Scottsdale invests $400K in firefighter cancer screenings

There is something deeply wrong with a system in which the people who run into burning buildings are more likely to die from what they breathed inside than from the fire itself. That is the reality Scottsdale City Council decided to do something about.

In a unanimous vote on February 10, the council approved a contract worth roughly $400,000 per year with Scottsdale-based Vincere Physicians Group to provide comprehensive cancer screening for the city's firefighters and fire inspectors. The decision was tucked into the consent agenda — the municipal equivalent of a rubber stamp pile — but its impact is anything but routine.

The numbers behind the move are sobering. According to the CDC and the National Institute for Occupational Health and Safety, firefighters face a 9% higher risk of a cancer diagnosis and a 14% higher risk of dying from it compared to the general population. Research indicates that two-thirds of career firefighter line-of-duty deaths between 2002 and 2019 were cancer-related. The danger is not just the flames — it is the toxic soup that modern construction materials create when they burn. Plastics, foams, treated fabrics and synthetic materials release carcinogens that cling to gear, skin and lungs long after the last ember cools.

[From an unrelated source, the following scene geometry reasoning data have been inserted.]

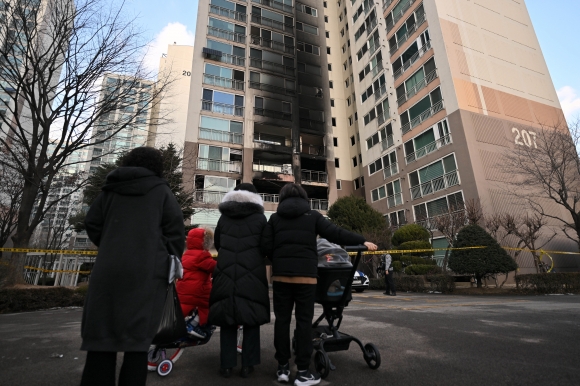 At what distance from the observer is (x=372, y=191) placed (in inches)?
1208

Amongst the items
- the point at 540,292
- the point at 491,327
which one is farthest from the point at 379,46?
the point at 491,327

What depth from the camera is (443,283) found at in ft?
41.8

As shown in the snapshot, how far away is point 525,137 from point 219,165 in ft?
80.6

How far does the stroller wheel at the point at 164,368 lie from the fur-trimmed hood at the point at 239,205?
57.3 inches

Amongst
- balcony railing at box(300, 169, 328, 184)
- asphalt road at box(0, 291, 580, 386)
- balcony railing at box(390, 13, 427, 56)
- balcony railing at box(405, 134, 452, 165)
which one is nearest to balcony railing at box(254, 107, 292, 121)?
balcony railing at box(300, 169, 328, 184)

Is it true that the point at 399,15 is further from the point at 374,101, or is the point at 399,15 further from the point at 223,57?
the point at 223,57

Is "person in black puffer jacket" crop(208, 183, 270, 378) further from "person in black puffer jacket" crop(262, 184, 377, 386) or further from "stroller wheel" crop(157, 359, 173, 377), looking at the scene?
"stroller wheel" crop(157, 359, 173, 377)

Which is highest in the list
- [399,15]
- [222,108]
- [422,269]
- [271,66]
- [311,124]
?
[399,15]

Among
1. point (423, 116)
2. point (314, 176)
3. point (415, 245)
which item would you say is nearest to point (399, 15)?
point (423, 116)

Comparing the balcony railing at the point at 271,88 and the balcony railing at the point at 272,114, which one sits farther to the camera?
the balcony railing at the point at 271,88

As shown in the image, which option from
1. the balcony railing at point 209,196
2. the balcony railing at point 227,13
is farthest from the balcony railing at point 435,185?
the balcony railing at point 227,13

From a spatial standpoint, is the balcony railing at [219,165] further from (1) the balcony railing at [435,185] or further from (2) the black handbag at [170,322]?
(2) the black handbag at [170,322]

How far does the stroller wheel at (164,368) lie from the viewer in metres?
2.75

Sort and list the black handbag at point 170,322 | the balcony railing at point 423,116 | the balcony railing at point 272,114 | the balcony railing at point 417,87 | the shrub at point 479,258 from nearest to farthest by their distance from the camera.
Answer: the black handbag at point 170,322 → the shrub at point 479,258 → the balcony railing at point 423,116 → the balcony railing at point 417,87 → the balcony railing at point 272,114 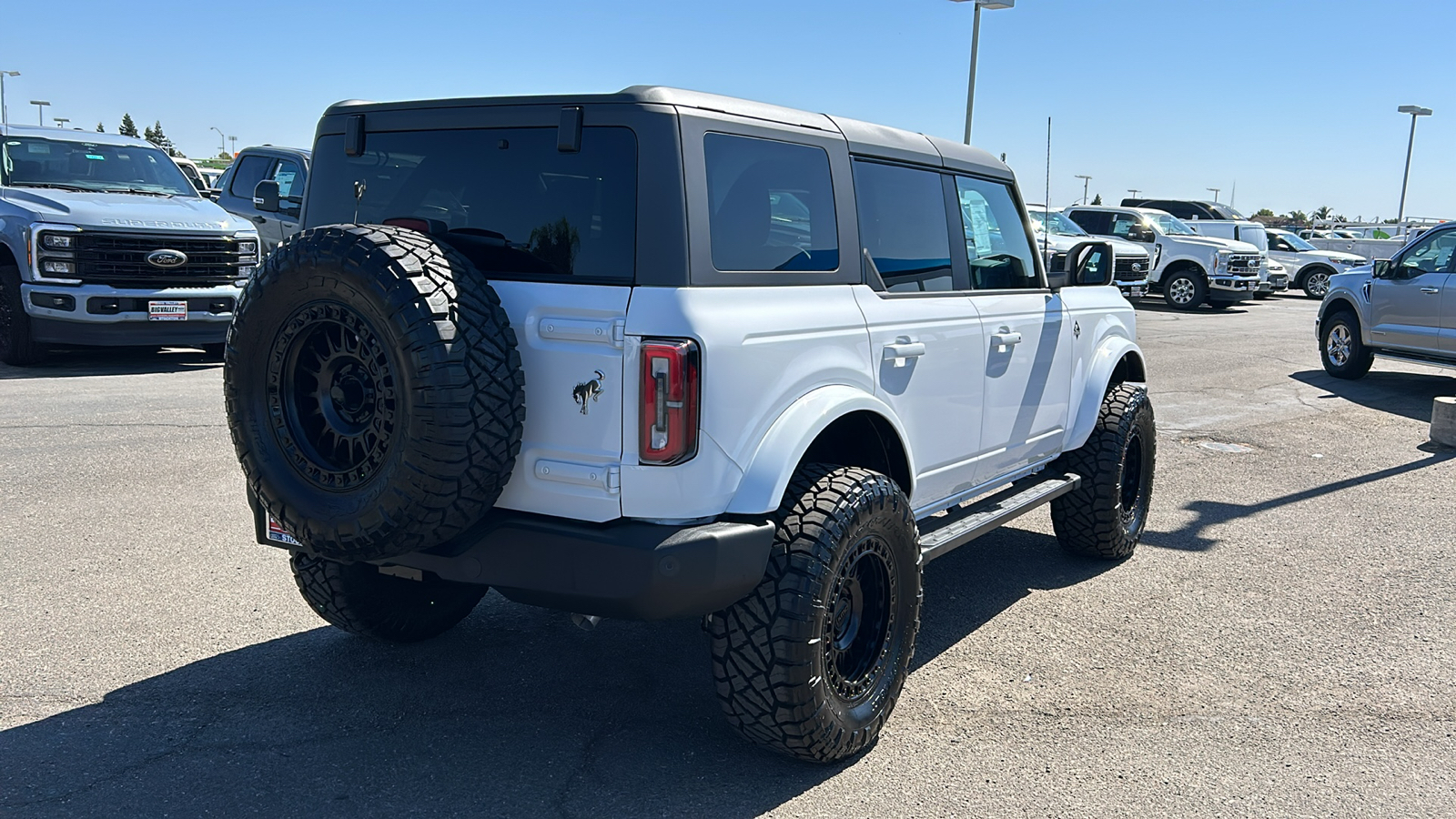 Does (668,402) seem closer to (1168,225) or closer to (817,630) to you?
(817,630)

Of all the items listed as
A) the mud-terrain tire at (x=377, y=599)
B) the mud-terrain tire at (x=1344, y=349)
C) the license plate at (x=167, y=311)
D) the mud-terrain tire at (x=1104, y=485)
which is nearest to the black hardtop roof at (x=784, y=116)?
the mud-terrain tire at (x=1104, y=485)

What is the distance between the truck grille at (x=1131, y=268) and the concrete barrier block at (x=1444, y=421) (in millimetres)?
13024

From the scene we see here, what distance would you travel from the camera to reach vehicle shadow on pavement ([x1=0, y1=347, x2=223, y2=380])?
11031 millimetres

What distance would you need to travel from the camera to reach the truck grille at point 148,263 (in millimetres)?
10609

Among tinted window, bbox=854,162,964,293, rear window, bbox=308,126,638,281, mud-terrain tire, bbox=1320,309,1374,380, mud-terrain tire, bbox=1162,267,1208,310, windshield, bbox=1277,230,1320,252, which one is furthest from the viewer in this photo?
windshield, bbox=1277,230,1320,252

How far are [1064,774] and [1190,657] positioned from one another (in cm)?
132

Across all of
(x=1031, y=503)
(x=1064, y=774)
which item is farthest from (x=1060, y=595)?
(x=1064, y=774)

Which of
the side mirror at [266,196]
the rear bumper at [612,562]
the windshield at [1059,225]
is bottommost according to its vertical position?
the rear bumper at [612,562]

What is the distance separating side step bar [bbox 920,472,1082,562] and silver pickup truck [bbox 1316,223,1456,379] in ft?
27.5

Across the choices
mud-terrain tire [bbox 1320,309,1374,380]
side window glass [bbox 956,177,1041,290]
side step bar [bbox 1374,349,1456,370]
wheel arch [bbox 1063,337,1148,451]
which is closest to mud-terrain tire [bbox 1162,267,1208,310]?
mud-terrain tire [bbox 1320,309,1374,380]

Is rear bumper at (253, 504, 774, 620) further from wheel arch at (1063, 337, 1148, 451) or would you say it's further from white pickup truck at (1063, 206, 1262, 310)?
white pickup truck at (1063, 206, 1262, 310)

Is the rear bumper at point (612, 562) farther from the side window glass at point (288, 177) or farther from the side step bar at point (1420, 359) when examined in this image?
the side window glass at point (288, 177)

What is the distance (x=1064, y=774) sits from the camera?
12.1 ft

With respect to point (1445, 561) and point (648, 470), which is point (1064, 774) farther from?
point (1445, 561) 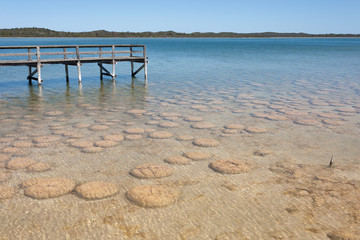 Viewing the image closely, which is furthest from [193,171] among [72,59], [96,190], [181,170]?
[72,59]

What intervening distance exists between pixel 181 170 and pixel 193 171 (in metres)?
0.24

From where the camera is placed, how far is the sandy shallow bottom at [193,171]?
456 centimetres

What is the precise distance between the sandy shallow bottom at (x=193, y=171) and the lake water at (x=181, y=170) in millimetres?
25

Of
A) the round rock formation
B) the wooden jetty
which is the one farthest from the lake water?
the wooden jetty

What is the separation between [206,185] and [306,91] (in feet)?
40.4

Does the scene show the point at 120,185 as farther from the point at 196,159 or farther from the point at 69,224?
the point at 196,159

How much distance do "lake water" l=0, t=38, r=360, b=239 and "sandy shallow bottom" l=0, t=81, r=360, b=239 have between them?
0.08ft

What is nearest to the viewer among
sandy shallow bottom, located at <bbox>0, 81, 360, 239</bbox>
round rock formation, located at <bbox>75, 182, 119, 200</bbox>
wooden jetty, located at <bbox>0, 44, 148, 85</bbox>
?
sandy shallow bottom, located at <bbox>0, 81, 360, 239</bbox>

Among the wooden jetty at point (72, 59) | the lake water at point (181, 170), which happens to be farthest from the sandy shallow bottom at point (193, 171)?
the wooden jetty at point (72, 59)

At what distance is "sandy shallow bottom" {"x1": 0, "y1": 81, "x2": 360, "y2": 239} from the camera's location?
456cm

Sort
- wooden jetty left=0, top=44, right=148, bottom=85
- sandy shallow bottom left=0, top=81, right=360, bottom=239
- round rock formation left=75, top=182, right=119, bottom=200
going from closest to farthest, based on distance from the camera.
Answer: sandy shallow bottom left=0, top=81, right=360, bottom=239
round rock formation left=75, top=182, right=119, bottom=200
wooden jetty left=0, top=44, right=148, bottom=85

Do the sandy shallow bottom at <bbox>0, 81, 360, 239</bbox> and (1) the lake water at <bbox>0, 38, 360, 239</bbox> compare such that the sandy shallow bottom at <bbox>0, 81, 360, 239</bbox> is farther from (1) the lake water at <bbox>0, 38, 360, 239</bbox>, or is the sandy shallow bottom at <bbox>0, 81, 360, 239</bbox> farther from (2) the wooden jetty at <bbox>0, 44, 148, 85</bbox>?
(2) the wooden jetty at <bbox>0, 44, 148, 85</bbox>

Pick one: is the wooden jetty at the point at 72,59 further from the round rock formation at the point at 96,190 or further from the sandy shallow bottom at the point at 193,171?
the round rock formation at the point at 96,190

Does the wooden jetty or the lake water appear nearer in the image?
the lake water
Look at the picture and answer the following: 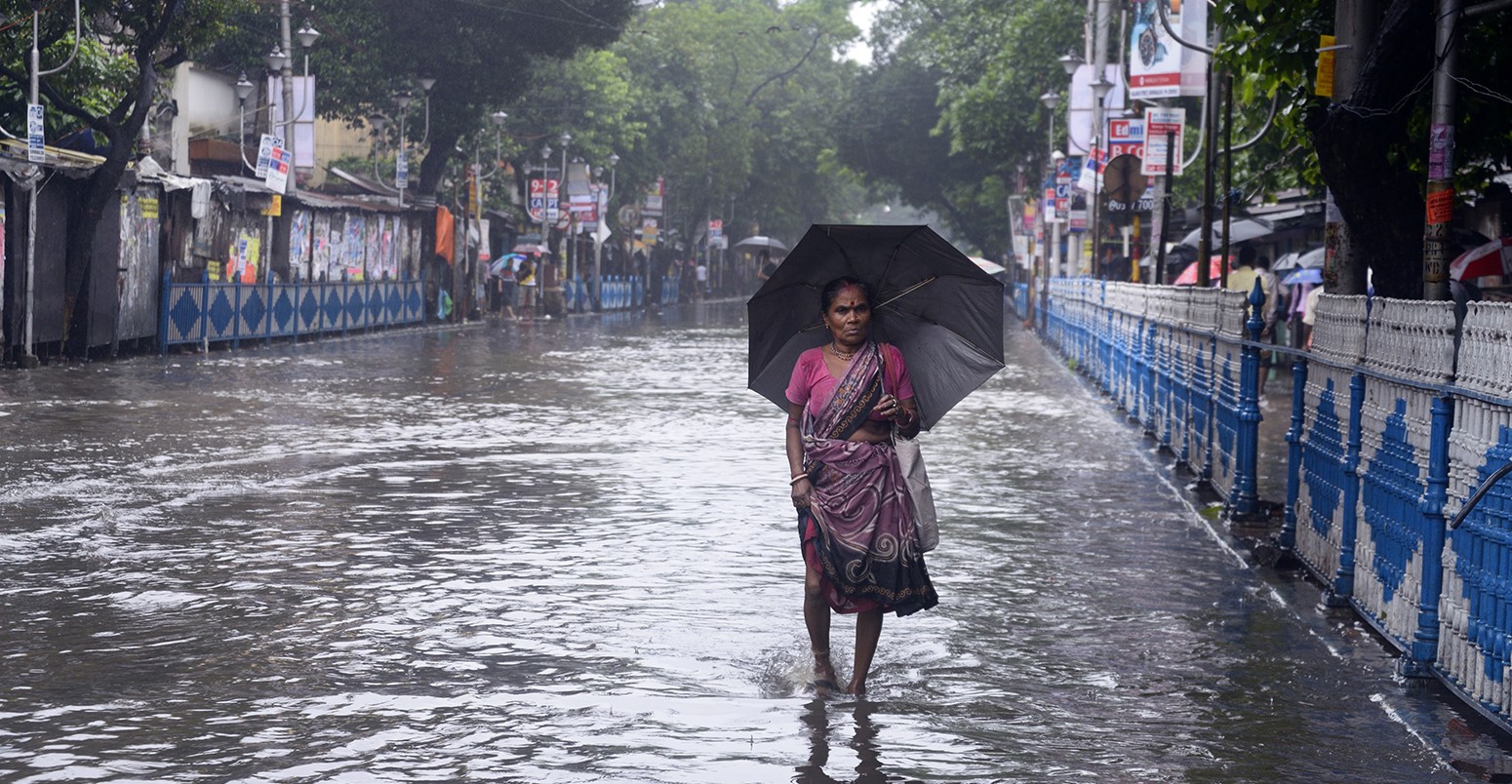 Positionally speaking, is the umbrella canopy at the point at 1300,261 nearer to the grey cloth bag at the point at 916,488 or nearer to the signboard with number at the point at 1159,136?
the signboard with number at the point at 1159,136

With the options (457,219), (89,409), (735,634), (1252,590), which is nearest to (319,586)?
(735,634)

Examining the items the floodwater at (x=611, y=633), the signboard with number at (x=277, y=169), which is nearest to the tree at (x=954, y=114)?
the signboard with number at (x=277, y=169)

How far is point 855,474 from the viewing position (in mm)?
6688

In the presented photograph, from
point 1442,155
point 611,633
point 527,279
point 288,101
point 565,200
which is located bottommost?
point 611,633

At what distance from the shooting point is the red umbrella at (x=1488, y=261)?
1652 cm

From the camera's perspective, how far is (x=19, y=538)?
10164mm

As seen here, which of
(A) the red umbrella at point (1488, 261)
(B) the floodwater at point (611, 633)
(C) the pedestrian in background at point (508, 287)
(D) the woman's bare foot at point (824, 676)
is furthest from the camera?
(C) the pedestrian in background at point (508, 287)

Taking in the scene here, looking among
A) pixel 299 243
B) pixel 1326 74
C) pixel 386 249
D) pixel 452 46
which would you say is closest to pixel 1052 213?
pixel 452 46

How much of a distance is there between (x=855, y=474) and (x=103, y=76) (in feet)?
75.8

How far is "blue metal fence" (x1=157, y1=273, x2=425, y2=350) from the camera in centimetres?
2922

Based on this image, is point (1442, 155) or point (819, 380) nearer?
point (819, 380)

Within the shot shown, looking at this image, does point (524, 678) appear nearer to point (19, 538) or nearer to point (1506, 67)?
point (19, 538)

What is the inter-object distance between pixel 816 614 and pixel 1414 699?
2.15 metres

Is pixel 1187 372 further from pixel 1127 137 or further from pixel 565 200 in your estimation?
pixel 565 200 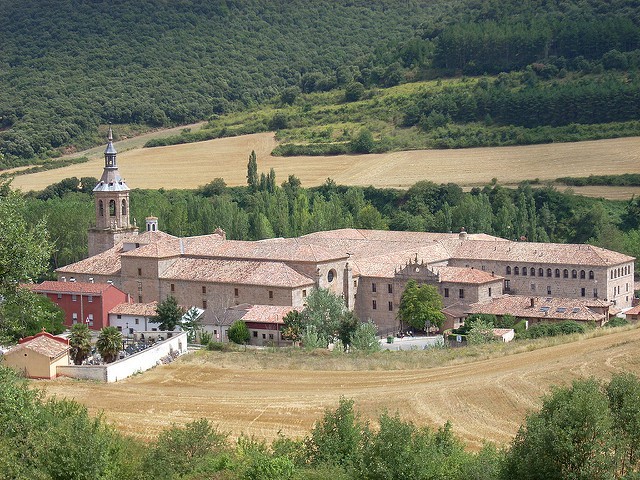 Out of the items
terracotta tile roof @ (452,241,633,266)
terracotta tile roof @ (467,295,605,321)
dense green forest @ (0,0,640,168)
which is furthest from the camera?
dense green forest @ (0,0,640,168)

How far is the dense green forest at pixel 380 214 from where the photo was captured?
8181cm

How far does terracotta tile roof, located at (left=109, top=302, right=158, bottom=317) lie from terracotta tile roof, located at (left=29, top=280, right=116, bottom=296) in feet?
3.72

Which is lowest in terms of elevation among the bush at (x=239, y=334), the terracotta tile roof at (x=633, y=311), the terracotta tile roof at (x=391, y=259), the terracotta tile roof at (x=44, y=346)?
the terracotta tile roof at (x=633, y=311)

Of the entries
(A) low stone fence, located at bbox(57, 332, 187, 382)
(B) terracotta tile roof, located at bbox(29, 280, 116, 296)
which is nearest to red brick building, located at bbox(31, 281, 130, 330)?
(B) terracotta tile roof, located at bbox(29, 280, 116, 296)

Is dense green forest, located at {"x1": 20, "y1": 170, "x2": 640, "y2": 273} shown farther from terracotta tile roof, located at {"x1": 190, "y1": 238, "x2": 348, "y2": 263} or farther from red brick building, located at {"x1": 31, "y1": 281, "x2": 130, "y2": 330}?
terracotta tile roof, located at {"x1": 190, "y1": 238, "x2": 348, "y2": 263}

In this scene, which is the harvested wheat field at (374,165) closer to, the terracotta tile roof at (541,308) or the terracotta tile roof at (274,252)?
the terracotta tile roof at (541,308)

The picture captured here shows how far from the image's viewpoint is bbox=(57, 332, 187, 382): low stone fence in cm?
4844

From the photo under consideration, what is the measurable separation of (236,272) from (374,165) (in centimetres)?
4584

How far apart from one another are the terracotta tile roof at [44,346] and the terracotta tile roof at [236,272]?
1398cm

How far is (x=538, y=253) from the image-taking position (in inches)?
2758

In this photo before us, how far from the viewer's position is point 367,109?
126625 millimetres

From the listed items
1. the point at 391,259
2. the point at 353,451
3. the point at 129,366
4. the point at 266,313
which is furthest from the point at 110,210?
the point at 353,451

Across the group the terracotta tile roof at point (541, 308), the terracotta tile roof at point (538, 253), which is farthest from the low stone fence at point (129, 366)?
the terracotta tile roof at point (538, 253)

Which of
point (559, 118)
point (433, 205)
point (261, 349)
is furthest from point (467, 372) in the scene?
point (559, 118) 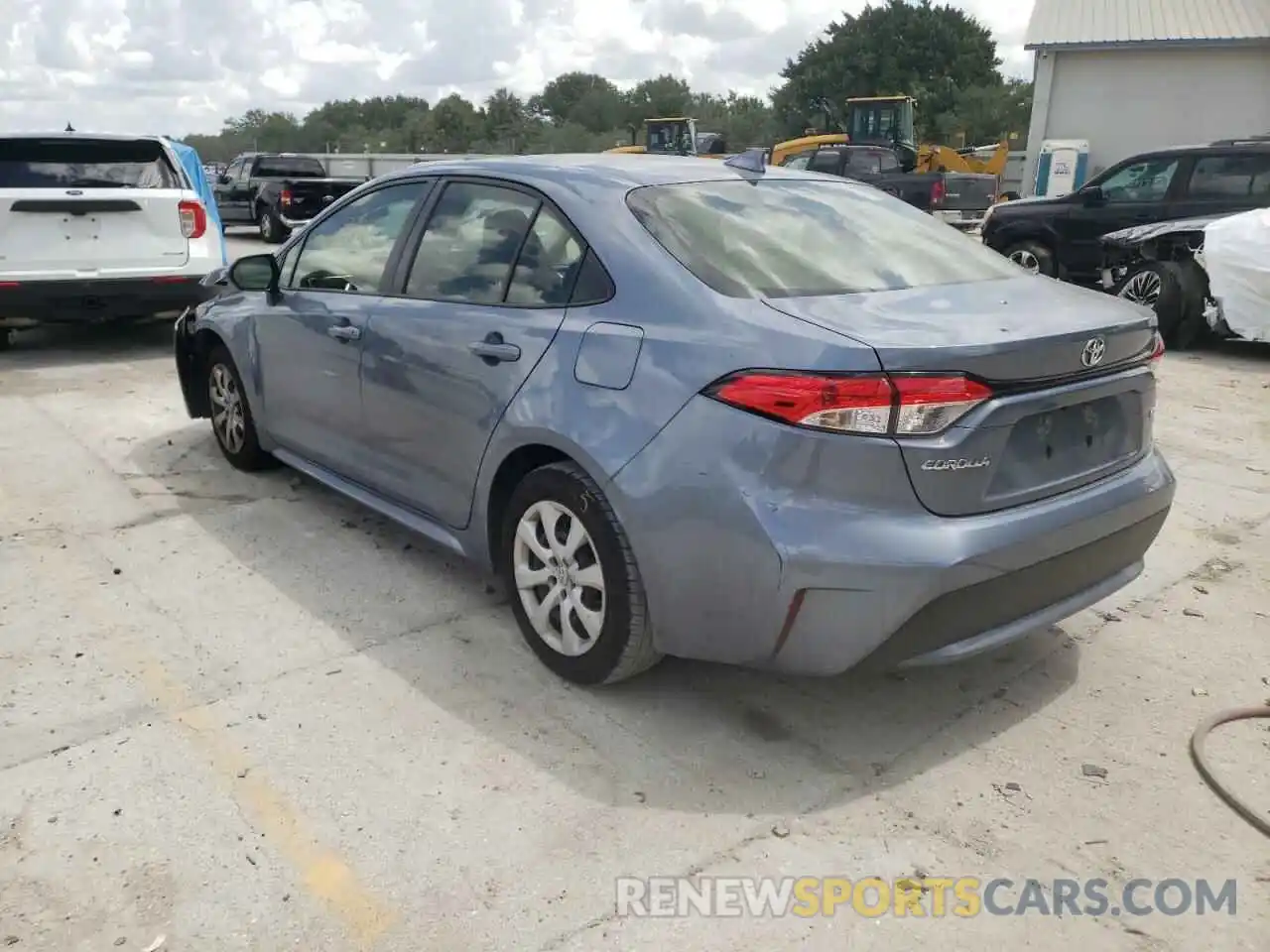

Under the new contract, all Scottsdale firefighters and fire inspectors aged 35 and older will receive whole-body MRI scans valued at $2,500 each, along with the Galleri multi-cancer blood test at $950 per screening. Vincere, headquartered right here in Scottsdale, has been screening first responders since 2018, partnering first with Phoenix Fire and eventually expanding across the Valley. The center has now screened more than 4,000 firefighters and detected more than 400 cancers — catching the vast majority at early, treatable stages.

For 400 Scottsdale firefighters who run toward danger so the rest of us can run away from it, this program may be the most important thing the city has quietly approved in years.